* EXTRACTED INFORMATION
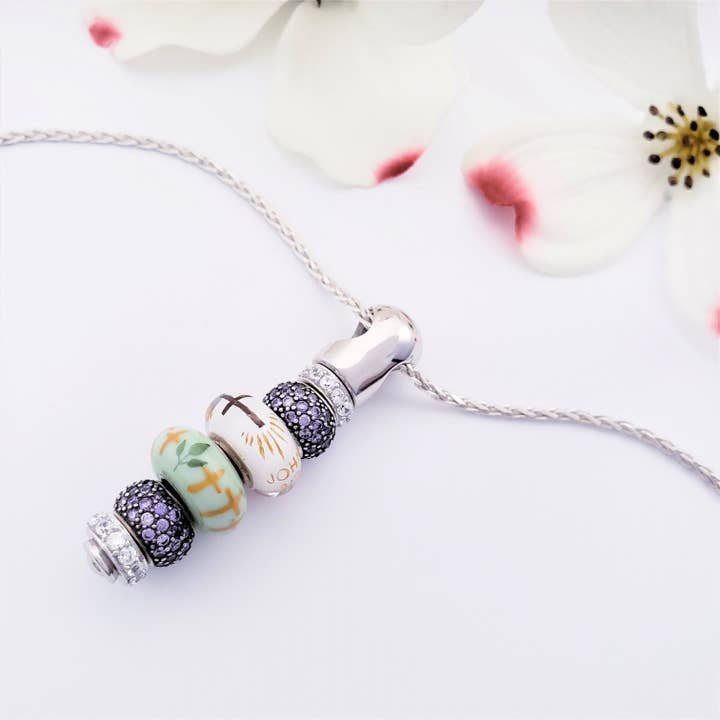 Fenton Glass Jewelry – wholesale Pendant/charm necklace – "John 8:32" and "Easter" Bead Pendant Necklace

--

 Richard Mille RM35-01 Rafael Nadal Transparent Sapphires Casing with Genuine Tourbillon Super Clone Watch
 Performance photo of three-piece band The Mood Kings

* TASK STATEMENT
Go through the material above and output exactly the lines from the one containing "Richard Mille RM35-01" through the one containing "Performance photo of".

* WRITTEN RESPONSE
 Richard Mille RM35-01 Rafael Nadal Transparent Sapphires Casing with Genuine Tourbillon Super Clone Watch
 Performance photo of three-piece band The Mood Kings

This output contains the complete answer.